|Tim Gill outside his
home in Denver
A tough loss can be hard to swallow, and plenty of defeated politicians have been known to grumble about sinister conspiracies. When they are rising stars like Danny Carroll, the Republican speaker pro tempore of Iowa’s House of Representatives, and the loss is unexpected, the urge to blame unseen forces can be even stronger—and in Carroll’s case, it would have the additional distinction of being justified. Carroll was among the dozens of targets of a group of rich gay philanthropists who quietly joined forces last year, under the leadership of a reclusive Colorado technology mogul, to counter the tide of antigay politics in America that has generated, among other things, a succession of state ballot initiatives banning gay marriage. Carroll had sponsored such a bill in Iowa and guided it to passage in the state House of Representatives, the first step toward getting it on the ballot.
Like many other state legislatures last year, Iowa’s was narrowly divided. So all it would take to break the momentum toward a constitutional marriage ban was to tip a few close races. If Democrats took control of the House and Senate, however narrowly, the initiative would die, and with it the likelihood of further legislation limiting civil rights for gays and lesbians. And, fortuitously, Carroll’s own reelection race looked to be one of the closest. He represented the liberal college town of Grinnell and had won the last time around by just a handful of votes.

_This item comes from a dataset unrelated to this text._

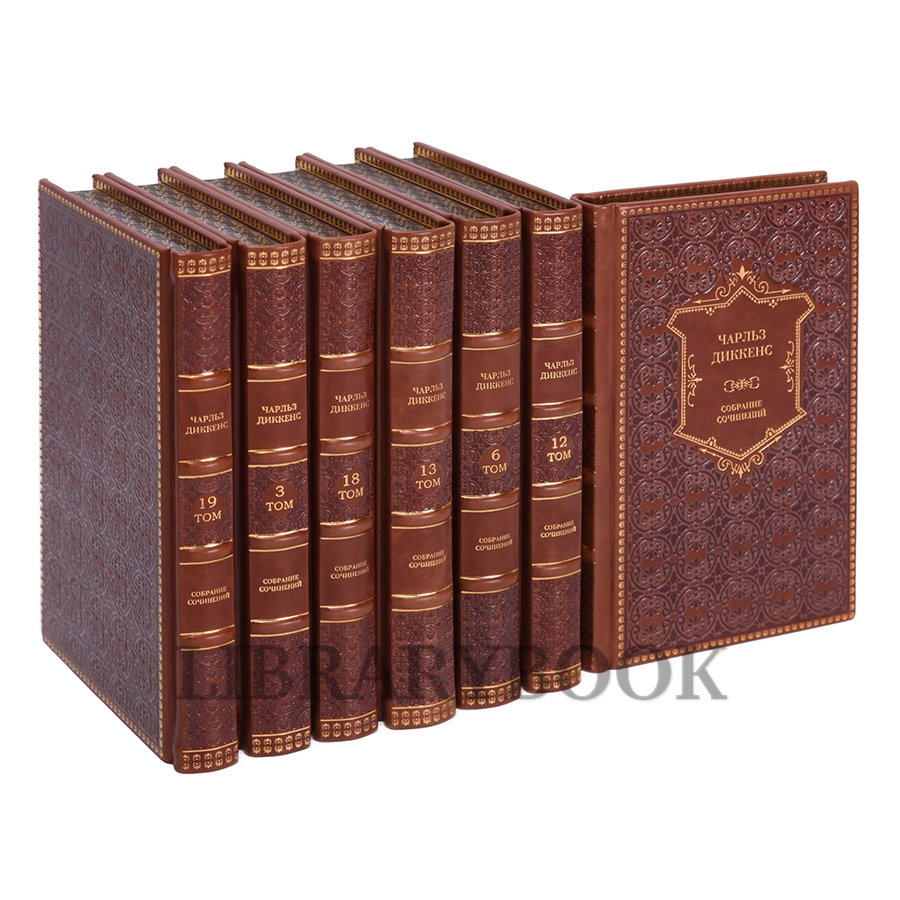 Эксклюзивные книги Чарльз Диккенс. Собрание сочинений в 20 томах в кожаном переплете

Over the summer, Carroll’s opponent started receiving checks from across the country—significant sums for a statehouse race, though none so large as to arouse suspicion (the gifts topped out at $1,000). Because they came from individuals and not from organizations, nothing identified the money as being “gay,” or even coordinated. Only a very astute political operative would have spotted the unusual number of out-of-state donors and pondered their interest in an obscure midwestern race. And only someone truly versed in the world of gay causes would have noticed a $1,000 contribution from Denver, Colorado, and been aware that its source, Tim Gill, is the country’s biggest gay donor, and the nexus of an aggressive new force in national politics.
Carroll certainly didn’t catch on until I called him after the election, in which Democrats took control of both legislative chambers, as well as Carroll’s seat and four of the five others targeted by Gill and his allies. Carroll was just sitting down to dinner but agreed to talk about his loss, which he attributed to the activism of Grinnell College students. A suggestion that he’d been targeted by a nationwide network of wealthy gay activists was met with polite midwestern skepticism. But Carroll was sufficiently intrigued to propose that we each log on to the Iowa Ethics and Campaign Disclosure Board’s Web site and examine his opponent’s disclosure report together, over the telephone.

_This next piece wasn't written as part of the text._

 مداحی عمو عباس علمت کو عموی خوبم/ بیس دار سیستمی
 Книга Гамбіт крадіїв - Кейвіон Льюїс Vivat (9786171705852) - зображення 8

Scrolling through the thirty-two-page roster of campaign contributors revealed plenty of $25 and $50 donations from nearby towns like Oskaloosa and New Sharon. But a $1,000 donation from California stood out on page 2, and, several pages later, so did another $1,000 from New York City. “I’ll be darned,” said Carroll. “That doesn’t make any sense.” As we kept scrolling, Carroll began reading aloud with mounting disbelief as the evidence passed before his eyes. “Denver … Dallas … Los Angeles … Malibu … there’s New York again … San Francisco! I can’t—I just cannot believe this,” he said, finally. “Who is this guy again?”